The state should require that tenure decisions are based on evidence of teacher effectiveness.
Connecticut does not connect tenure decisions to evidence of teacher effectiveness.
Teachers in Connecticut are awarded tenure automatically after a four-year probationary period, absent an additional process that evaluates cumulative evidence of teacher effectiveness.
General Statutes of Connecticut Title 10, Chapter 166, Sec. 10-151
End the automatic awarding of tenure.
The decision to grant tenure should be a deliberate one, based on consideration of a teacher's commitment and actual evidence of classroom effectiveness.
Ensure evidence of effectiveness is the preponderant criterion in tenure decisions.
Connecticut should make evidence of effectiveness, rather than the number of years in the classroom, the most significant factor when determining this leap in professional standing.
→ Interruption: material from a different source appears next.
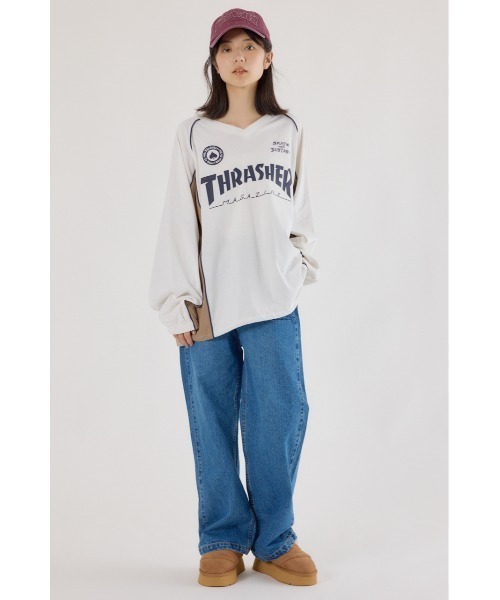 RODEO CROWNS WIDE BOWL（ロデオクラウンズワイドボウル）の「THRASHER GAME L/S Tシャツ（Tシャツ/カットソー・レディース・オフホワイト/ブラック/ネイビー・FREE）」の7枚目の写真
Articulate a process that local districts must administer when deciding which teachers get tenure.
Connecticut should require a clear process, such as a hearing, to ensure that the local district reviews a teacher's performance before making a determination regarding tenure.
Ensure the probationary period is adequate.
Connecticut's probationary period is longer than that of most other states. However, the state should make certain that it allows for a collection of sufficient data that reflect teacher performance.
Connecticut recognized the factual accuracy of this analysis.